York Continues to Fail on Sexual Violence Response

The Trans Feminist Action Caucus (TFAC) has recently been made aware that York University has created another working group, the Sexual Assault Policy Advisory Committee, in response to York University’s Sexual Violence Policy, passed in December 2016. This Committee is said to be created to provide ongoing assistance and make recommendations on York’s policy. At no time was TFAC even made aware of York’s intentions to create a new working group or advisory committee, let alone invited to be a part of the advisory committee.

For over two years, CUPE 3903 and TFAC have been increasingly vocal about York University’s need to take sexual assault on campus seriously, to be open and transparent about their policies and processes for dealing with sexual assault and the conception of their new sexual assault policy, and to put real supports in place for survivors and community members. At each turn we have been disappointed.

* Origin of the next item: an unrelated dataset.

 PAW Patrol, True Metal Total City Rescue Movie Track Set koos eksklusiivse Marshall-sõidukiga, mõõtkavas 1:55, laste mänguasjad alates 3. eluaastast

TFAC has been calling on York University to take our call for substantive consultations with CUPE 3903 and other various student, faculty, and community groups seriously for over a year and a half. Not only did TFAC have to fight to have a spot at the table, but once allowed in the room it was made clear to us that York University was not interested in substantive productive consultation and communication.This refusal to properly consult with TFAC, CUPE 3903, and similar groups was the main issue that left TFAC with no choice but to withdraw from York University’s failed consultation process surrounding the Sexual Violence Policy.

When TFAC raised important concerns about York University’s policies, our concerns were largely ignored. TFAC took issue with the University’s policy being perpetrator-centric and not survivor-centric as was claimed, for refusing to protect survivor’s confidentiality when requested, as well as many other issues. To date we have failed to see these critical issues addressed.

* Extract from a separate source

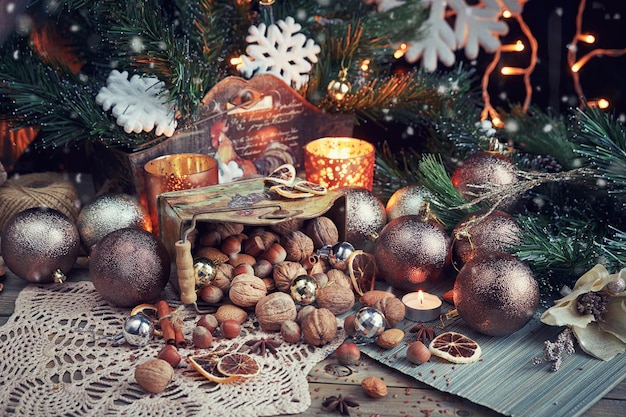 Variety of nuts in Christmas and New Year decoration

Furthermore, in the current round of bargaining between York University and CUPE 3903, the union has brought forward several proposals aimed at addressing sexual violence on campus and supporting survivors. These include mandatory paid anti-sexual assault training for contract faculty and teaching assistants, paid leave for CUPE 3903 members affected by sexual and gender based violence, a support fund for survivors of sexual violence. So far minimal movement has been made toward supporting a sexual and gender based violence leave, and the proposal for a support fund has been completely denied. Minimal movement has been made regarding mandatory paid anti-sexual assault training. The employer believes that only contract faculty should get the full paid training, which shows a complete misunderstanding of how classrooms at York are structured. Teaching Assistants are often the instructors with whom students have the most contact, increasing the chances that they could receive a disclosure of sexual violence.

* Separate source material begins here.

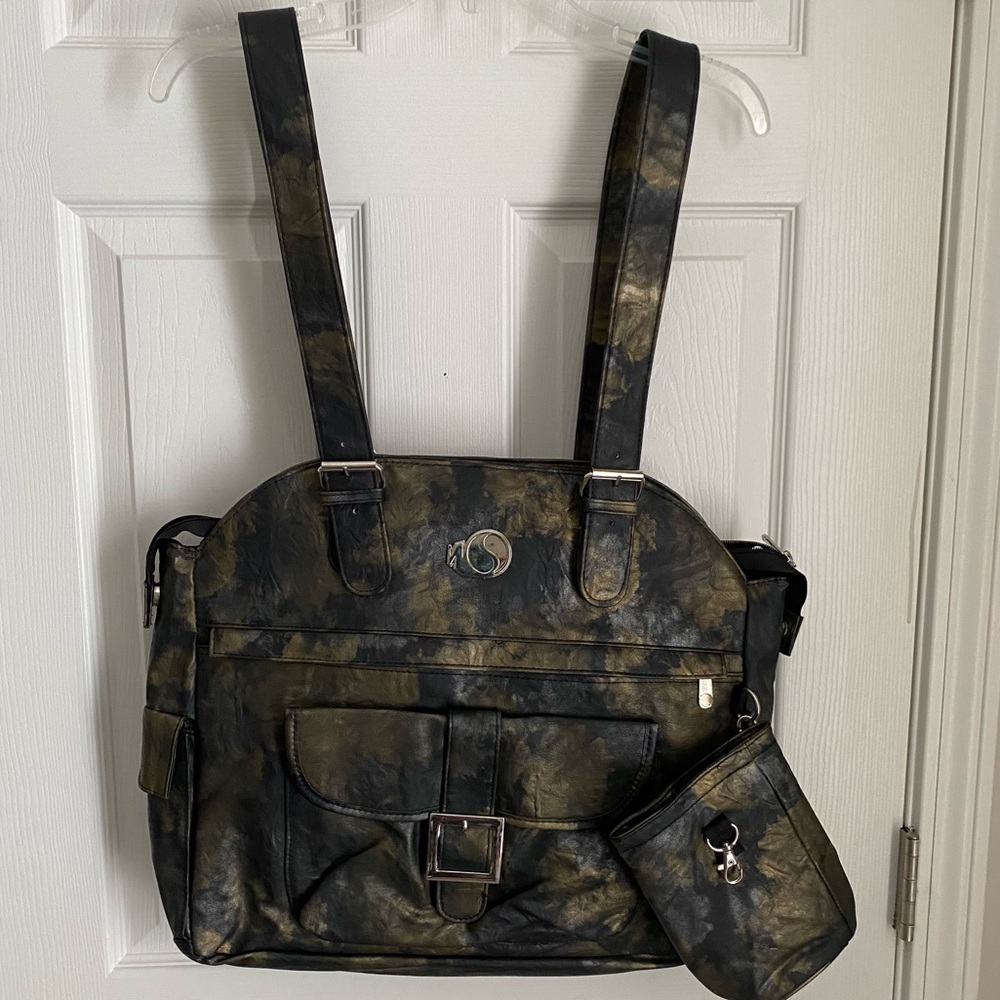 Whak Sak Ultimate Tennis‎ Tote Dark Peacock Green/Black/Antique Gold Detail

The relationship CUPE 3903 members have with the student body is an important part of why we deserve to be meaningfully consulted. York also has a responsibility to its employees to make sure that the policies it enacts do not make things worse for them. The refusal to deal with sexual violence in a meaningful way at the bargaining table, combined with the exclusion of CUPE 3903 and TFAC from this new advisory committee, demonstrates how York University is not taking its commitment to respond to sexual violence seriously. We call on York to do better and live up to its stated commitment a meaningful and survivor-centric response to sexual violence on campus.